Eksperimen lain yang benar-benar menakutkan yang cukup legendaris untuk tercermin dalam budaya populer. Dia ternyata tidak bisa diprediksi, meresahkan dan terkenal kejam. Begitu terkenalnya sehingga sebuah plakat peringatan didirikan di lokasi percobaan.

Image
Image

Dilakukan pada tahun 1971 di Universitas Stanford oleh psikolog Amerika Philip Zimbardo atas nama Angkatan Laut AS, eksperimen tersebut bertujuan untuk mengetahui apa yang menyebabkan gesekan terus-menerus antara penjaga dan narapidana di fasilitas pemasyarakatannya. Sederhananya, sekelompok peneliti harus mencari tahu bagaimana orang biasa bereaksi terhadap pembatasan kebebasan dan kondisi penjara, dan seberapa kuat pengaruh peran sosial yang dipaksakan terhadap orang-orang.

Setelah mengatur "penjara sementara" di salah satu ruang bawah tanah Stanford, sekelompok siswa yang secara fisik kuat dan stabil secara psikologis dikirim ke sana, yang dibagi menjadi "tahanan" dan "penjaga". Para peneliti menghilang dari mata para relawan, mencatat bahwa peserta dalam eksperimen harus bertindak seolah-olah ini adalah penjara sungguhan. Tapi kemudian para ilmuwan hampir tidak bisa membayangkan apa yang akan terjadi selanjutnya.

Setelah hari pertama yang relatif tenang, kerusuhan "narapidana" dimulai pada hari kedua. Para "penjaga" sukarela lembur untuk memadamkan kerusuhan dengan menggunakan alat pemadam kebakaran. Kemudian, para "penjaga" membagi "tahanan" menjadi dua bangunan - baik dan buruk - dan mengadu domba mereka satu sama lain, mengimbau bahwa ada informan dalam barisan mereka.

Dalam beberapa hari, otoritarianisme sadis dari "penjaga" semakin menguat, dan "tahanan" mulai keluar dari percobaan. Murid pertama pergi setelah 36 jam, menderita, seperti yang dicatat, dari "gangguan emosi yang akut, pemikiran yang tidak teratur, teriakan dan amukan yang tak terkendali". Tak lama kemudian, beberapa "narapidana" lainnya menunjukkan gejala tekanan psikologis yang ekstrem, sehingga eksperimen tersebut dihentikan enam hari kemudian - seminggu lebih awal dari yang direncanakan.

Sekali lagi, temuan studi itu meresahkan: bahkan orang baik pun dapat melakukan hal-hal buruk bila diberi kekuasaan yang tidak terbatas.

Eksperimen yang mengerikan

Kasus ketika nama berbicara sendiri. Di penghujung tahun 1930-an, peneliti patologi wicara di Universitas Iowa Wendell Johnson menyimpulkan bahwa kemungkinan besar dia mulai gagap karena suatu hari gurunya mengatakan kepadanya bahwa dia gagap. Nubuatan atau Dampak Penilaian Nilai?
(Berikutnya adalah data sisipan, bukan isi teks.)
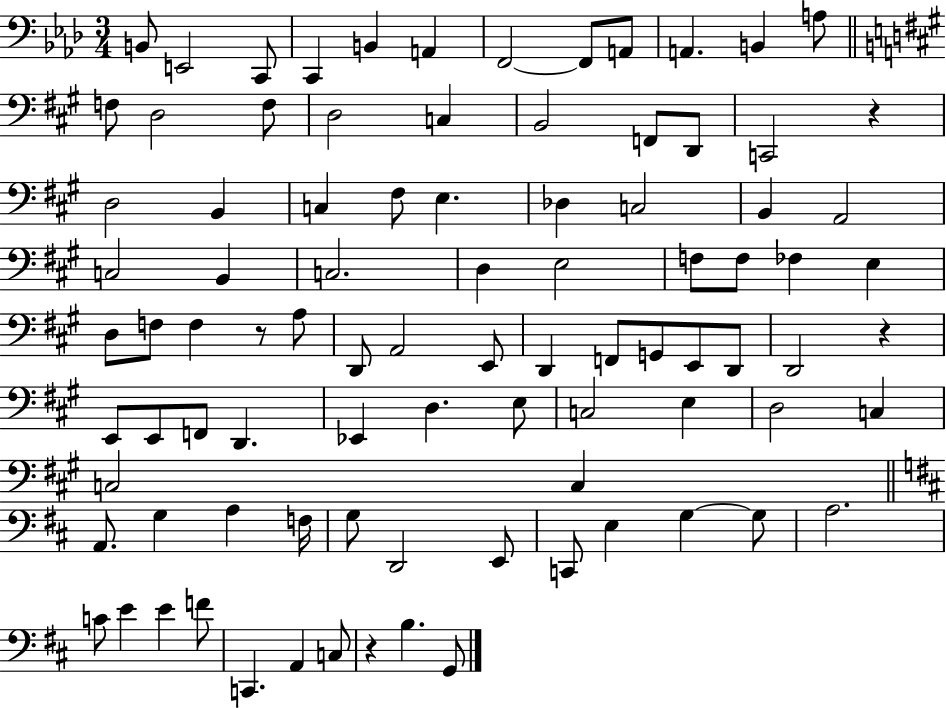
X:1
T:Untitled
M:3/4
L:1/4
K:Ab
B,,/2 E,,2 C,,/2 C,, B,, A,, F,,2 F,,/2 A,,/2 A,, B,, A,/2 F,/2 D,2 F,/2 D,2 C, B,,2 F,,/2 D,,/2 C,,2 z D,2 B,, C, ^F,/2 E, _D, C,2 B,, A,,2 C,2 B,, C,2 D, E,2 F,/2 F,/2 _F, E, D,/2 F,/2 F, z/2 A,/2 D,,/2 A,,2 E,,/2 D,, F,,/2 G,,/2 E,,/2 D,,/2 D,,2 z E,,/2 E,,/2 F,,/2 D,, _E,, D, E,/2 C,2 E, D,2 C, C,2 C, A,,/2 G, A, F,/4 G,/2 D,,2 E,,/2 C,,/2 E, G, G,/2 A,2 C/2 E E F/2 C,, A,, C,/2 z B, G,,/2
Dengan asumsi yang terakhir yang disalahkan, Johnson memutuskan untuk mengujinya dengan bantuan mahasiswa pascasarjana Mary Taylor, yang memimpin penelitian.

Image
Image

Untuk percobaan, 22 anak dari panti asuhan dipilih, yang cocok karena kurangnya figur otoritas dalam hidup. Anak-anak dibagi menjadi dua kelompok: yang pertama terus-menerus diberi tahu bahwa kemampuan berbicara mereka sangat baik dan kemampuan membaca mereka luar biasa, yang kedua - bahwa mereka memiliki masalah yang jelas dengan ucapan dan gagap yang hampir tidak dapat dihindari.

Akibatnya, harga diri anak-anak dari kelompok kedua turun secara nyata, di samping itu, mereka mengembangkan kurangnya kepercayaan diri dalam berbicara dan bahkan tanda-tanda gagap. Terlepas dari kenyataan bahwa pada akhir percobaan, kegagapan menghilang, sebagian besar anak yatim piatu tetap menyendiri dan tidak komunikatif.
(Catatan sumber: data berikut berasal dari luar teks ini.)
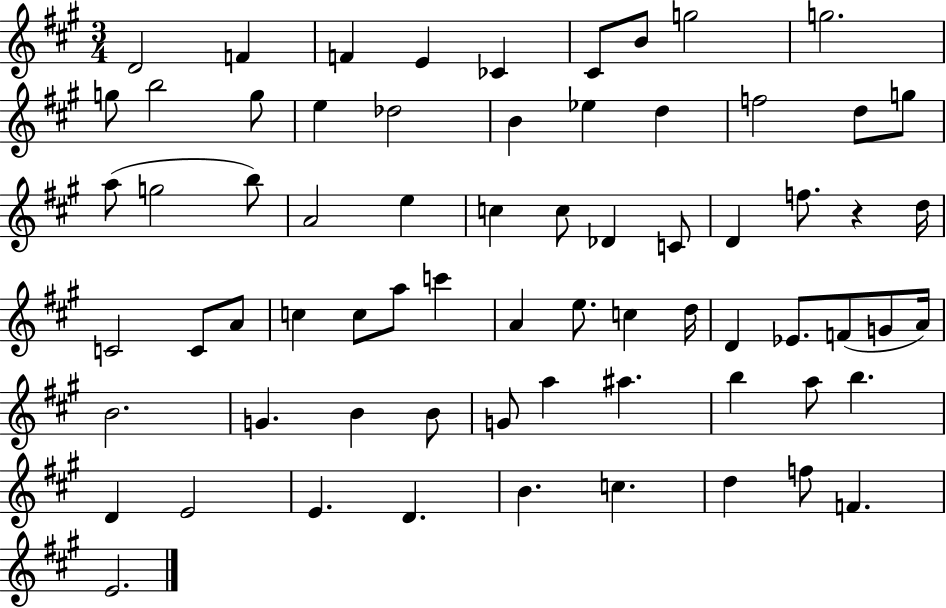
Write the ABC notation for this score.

X:1
T:Untitled
M:3/4
L:1/4
K:A
D2 F F E _C ^C/2 B/2 g2 g2 g/2 b2 g/2 e _d2 B _e d f2 d/2 g/2 a/2 g2 b/2 A2 e c c/2 _D C/2 D f/2 z d/4 C2 C/2 A/2 c c/2 a/2 c' A e/2 c d/4 D _E/2 F/2 G/2 A/4 B2 G B B/2 G/2 a ^a b a/2 b D E2 E D B c d f/2 F E2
Tentu saja, setiap kasus berbeda, tetapi Wendell Johnson benar-benar salah. Umpan balik semacam ini dapat memperburuk gagap yang sudah dimulai, kata para ahli, tetapi tidak dapat "memicu" -nya. Menurut NHS, akar dari korelasi ini dapat ditemukan pada masalah neurologis dan perkembangan pada anak.